Which Occupations Should Pay Attention
If you work in a role where software assigns your tasks, monitors your output, or scores your performance, algorithmic management is already part of your job. The occupations most directly affected include:
- Call or contact centre workers — AI score 7.4/10, 29,400 employed
- General clerks — AI score 7.0/10, 286,600 employed
- Purchasing and supply logistics clerks — AI score 6.2/10, 126,900 employed
- Delivery drivers — AI score 5.1/10, 84,900 employed
- Retail managers — AI score 5.5/10, 248,000 employed
- Storepersons — AI score 4.2/10, 164,200 employed
- Fast food cooks — AI score 3.6/10, 49,500 employed
That's close to a million workers across just seven occupation categories. Many of them are young (median age 18 for fast food cooks, 35 for storepersons, 36 for call centre workers), female-dominated in office roles (81% of general clerks are women), and earning below the national median in physical roles.
These aren't the workers making headlines about AI. They're the ones quietly being managed by it.
What You Can Do
The shift toward algorithmic management isn't slowing down, but the regulatory response is accelerating.
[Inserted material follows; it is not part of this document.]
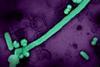 Influenza_A_Virus_(H3N2)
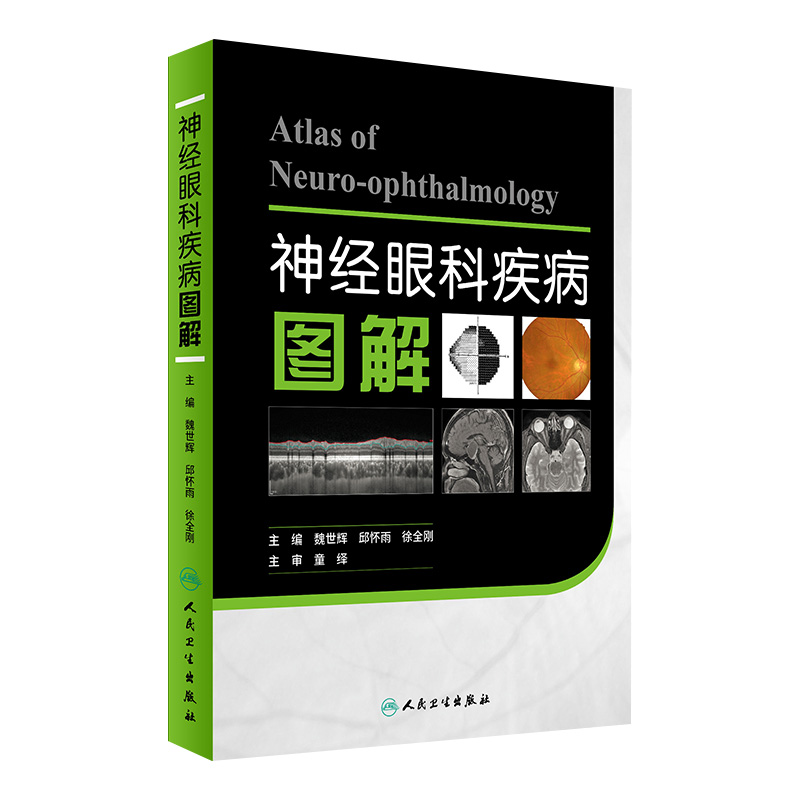神经眼科疾病图解 魏世辉 邱怀雨 徐全刚 主编 神经眼科疾病图谱治疗技术诊断学实用临床手术 人民卫生出版社 9787117243834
NSW's law may be first, but other states are likely to follow — the risks it identifies (excessive monitoring, unreasonable metrics, automated overwork) exist in every jurisdiction.
If you want to understand where your own occupation sits, check your AI exposure score on our rankings page or search your job directly. The scores draw on Jobs and Skills Australia data covering 358 occupations, so you can see exactly how your role compares — not just for replacement risk, but for the kind of AI augmentation and management that's already here.
Knowing the score is the first step. Knowing your rights is the second.